> _Brief descriptive captions_:
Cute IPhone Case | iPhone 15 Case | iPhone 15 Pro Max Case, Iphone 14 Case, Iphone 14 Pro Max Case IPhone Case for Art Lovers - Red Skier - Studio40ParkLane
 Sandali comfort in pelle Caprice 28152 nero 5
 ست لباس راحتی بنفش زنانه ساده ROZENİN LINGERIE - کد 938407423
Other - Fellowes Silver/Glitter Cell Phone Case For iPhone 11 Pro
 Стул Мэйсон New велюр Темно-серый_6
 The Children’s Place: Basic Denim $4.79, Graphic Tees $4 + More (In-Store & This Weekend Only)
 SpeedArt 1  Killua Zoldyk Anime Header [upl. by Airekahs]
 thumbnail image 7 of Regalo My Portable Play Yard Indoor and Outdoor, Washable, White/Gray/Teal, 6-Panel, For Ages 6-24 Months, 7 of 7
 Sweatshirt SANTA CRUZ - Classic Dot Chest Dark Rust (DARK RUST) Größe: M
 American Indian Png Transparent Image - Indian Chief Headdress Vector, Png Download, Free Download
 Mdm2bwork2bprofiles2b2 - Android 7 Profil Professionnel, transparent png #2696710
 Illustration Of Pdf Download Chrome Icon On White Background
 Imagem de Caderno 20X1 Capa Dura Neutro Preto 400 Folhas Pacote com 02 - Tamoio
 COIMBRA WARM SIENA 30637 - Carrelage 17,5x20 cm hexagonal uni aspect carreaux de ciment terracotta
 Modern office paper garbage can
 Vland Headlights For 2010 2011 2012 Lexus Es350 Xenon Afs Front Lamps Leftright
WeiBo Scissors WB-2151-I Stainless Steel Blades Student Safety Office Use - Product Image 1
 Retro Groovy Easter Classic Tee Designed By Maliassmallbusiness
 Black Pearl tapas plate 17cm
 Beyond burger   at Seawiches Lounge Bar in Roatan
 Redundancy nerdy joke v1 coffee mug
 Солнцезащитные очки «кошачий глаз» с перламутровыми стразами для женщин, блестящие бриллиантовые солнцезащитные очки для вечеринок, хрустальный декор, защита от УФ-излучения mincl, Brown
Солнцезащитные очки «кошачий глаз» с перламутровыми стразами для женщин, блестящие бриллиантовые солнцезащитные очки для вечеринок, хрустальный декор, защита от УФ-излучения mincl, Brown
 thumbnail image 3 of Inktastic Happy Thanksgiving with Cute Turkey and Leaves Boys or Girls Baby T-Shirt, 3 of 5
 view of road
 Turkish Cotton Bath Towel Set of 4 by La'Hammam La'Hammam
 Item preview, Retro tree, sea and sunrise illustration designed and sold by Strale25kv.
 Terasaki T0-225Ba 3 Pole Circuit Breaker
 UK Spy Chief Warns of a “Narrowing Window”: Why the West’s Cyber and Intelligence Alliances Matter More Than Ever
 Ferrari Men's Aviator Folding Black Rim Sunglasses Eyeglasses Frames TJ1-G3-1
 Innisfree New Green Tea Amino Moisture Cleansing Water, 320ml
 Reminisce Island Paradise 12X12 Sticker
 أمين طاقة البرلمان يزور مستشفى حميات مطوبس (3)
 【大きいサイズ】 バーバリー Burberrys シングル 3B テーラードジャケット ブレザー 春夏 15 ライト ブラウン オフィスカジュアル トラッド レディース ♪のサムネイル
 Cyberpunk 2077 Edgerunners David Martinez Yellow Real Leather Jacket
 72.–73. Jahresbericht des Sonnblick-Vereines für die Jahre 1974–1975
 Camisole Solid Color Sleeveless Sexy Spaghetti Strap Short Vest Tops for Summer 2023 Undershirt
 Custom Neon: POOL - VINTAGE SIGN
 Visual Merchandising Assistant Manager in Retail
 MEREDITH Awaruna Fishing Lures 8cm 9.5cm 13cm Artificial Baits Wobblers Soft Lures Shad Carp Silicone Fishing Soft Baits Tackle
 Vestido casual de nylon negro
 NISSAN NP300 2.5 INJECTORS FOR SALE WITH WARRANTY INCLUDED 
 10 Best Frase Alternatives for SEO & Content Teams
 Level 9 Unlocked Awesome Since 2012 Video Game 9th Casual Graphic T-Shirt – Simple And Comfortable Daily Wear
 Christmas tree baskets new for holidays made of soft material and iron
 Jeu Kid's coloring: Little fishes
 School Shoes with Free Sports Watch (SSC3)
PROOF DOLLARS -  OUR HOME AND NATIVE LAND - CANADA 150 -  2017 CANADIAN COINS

> _About this task_:
An exact copy of every line above, start to finish, is required.

> _Exercise response_:
Cute IPhone Case | iPhone 15 Case | iPhone 15 Pro Max Case, Iphone 14 Case, Iphone 14 Pro Max Case IPhone Case for Art Lovers - Red Skier - Studio40ParkLane
 Sandali comfort in pelle Caprice 28152 nero 5
 ست لباس راحتی بنفش زنانه ساده ROZENİN LINGERIE - کد 938407423
Other - Fellowes Silver/Glitter Cell Phone Case For iPhone 11 Pro
 Стул Мэйсон New велюр Темно-серый_6
 The Children’s Place: Basic Denim $4.79, Graphic Tees $4 + More (In-Store & This Weekend Only)
 SpeedArt 1  Killua Zoldyk Anime Header [upl. by Airekahs]
 thumbnail image 7 of Regalo My Portable Play Yard Indoor and Outdoor, Washable, White/Gray/Teal, 6-Panel, For Ages 6-24 Months, 7 of 7
 Sweatshirt SANTA CRUZ - Classic Dot Chest Dark Rust (DARK RUST) Größe: M
 American Indian Png Transparent Image - Indian Chief Headdress Vector, Png Download, Free Download
 Mdm2bwork2bprofiles2b2 - Android 7 Profil Professionnel, transparent png #2696710
 Illustration Of Pdf Download Chrome Icon On White Background
 Imagem de Caderno 20X1 Capa Dura Neutro Preto 400 Folhas Pacote com 02 - Tamoio
 COIMBRA WARM SIENA 30637 - Carrelage 17,5x20 cm hexagonal uni aspect carreaux de ciment terracotta
 Modern office paper garbage can
 Vland Headlights For 2010 2011 2012 Lexus Es350 Xenon Afs Front Lamps Leftright
WeiBo Scissors WB-2151-I Stainless Steel Blades Student Safety Office Use - Product Image 1
 Retro Groovy Easter Classic Tee Designed By Maliassmallbusiness
 Black Pearl tapas plate 17cm
 Beyond burger   at Seawiches Lounge Bar in Roatan
 Redundancy nerdy joke v1 coffee mug
 Солнцезащитные очки «кошачий глаз» с перламутровыми стразами для женщин, блестящие бриллиантовые солнцезащитные очки для вечеринок, хрустальный декор, защита от УФ-излучения mincl, Brown
Солнцезащитные очки «кошачий глаз» с перламутровыми стразами для женщин, блестящие бриллиантовые солнцезащитные очки для вечеринок, хрустальный декор, защита от УФ-излучения mincl, Brown
 thumbnail image 3 of Inktastic Happy Thanksgiving with Cute Turkey and Leaves Boys or Girls Baby T-Shirt, 3 of 5
 view of road
 Turkish Cotton Bath Towel Set of 4 by La'Hammam La'Hammam
 Item preview, Retro tree, sea and sunrise illustration designed and sold by Strale25kv.
 Terasaki T0-225Ba 3 Pole Circuit Breaker
 UK Spy Chief Warns of a “Narrowing Window”: Why the West’s Cyber and Intelligence Alliances Matter More Than Ever
 Ferrari Men's Aviator Folding Black Rim Sunglasses Eyeglasses Frames TJ1-G3-1
 Innisfree New Green Tea Amino Moisture Cleansing Water, 320ml
 Reminisce Island Paradise 12X12 Sticker
 أمين طاقة البرلمان يزور مستشفى حميات مطوبس (3)
 【大きいサイズ】 バーバリー Burberrys シングル 3B テーラードジャケット ブレザー 春夏 15 ライト ブラウン オフィスカジュアル トラッド レディース ♪のサムネイル
 Cyberpunk 2077 Edgerunners David Martinez Yellow Real Leather Jacket
 72.–73. Jahresbericht des Sonnblick-Vereines für die Jahre 1974–1975
 Camisole Solid Color Sleeveless Sexy Spaghetti Strap Short Vest Tops for Summer 2023 Undershirt
 Custom Neon: POOL - VINTAGE SIGN
 Visual Merchandising Assistant Manager in Retail
 MEREDITH Awaruna Fishing Lures 8cm 9.5cm 13cm Artificial Baits Wobblers Soft Lures Shad Carp Silicone Fishing Soft Baits Tackle
 Vestido casual de nylon negro
 NISSAN NP300 2.5 INJECTORS FOR SALE WITH WARRANTY INCLUDED 
 10 Best Frase Alternatives for SEO & Content Teams
 Level 9 Unlocked Awesome Since 2012 Video Game 9th Casual Graphic T-Shirt – Simple And Comfortable Daily Wear
 Christmas tree baskets new for holidays made of soft material and iron
 Jeu Kid's coloring: Little fishes
 School Shoes with Free Sports Watch (SSC3)
PROOF DOLLARS -  OUR HOME AND NATIVE LAND - CANADA 150 -  2017 CANADIAN COINS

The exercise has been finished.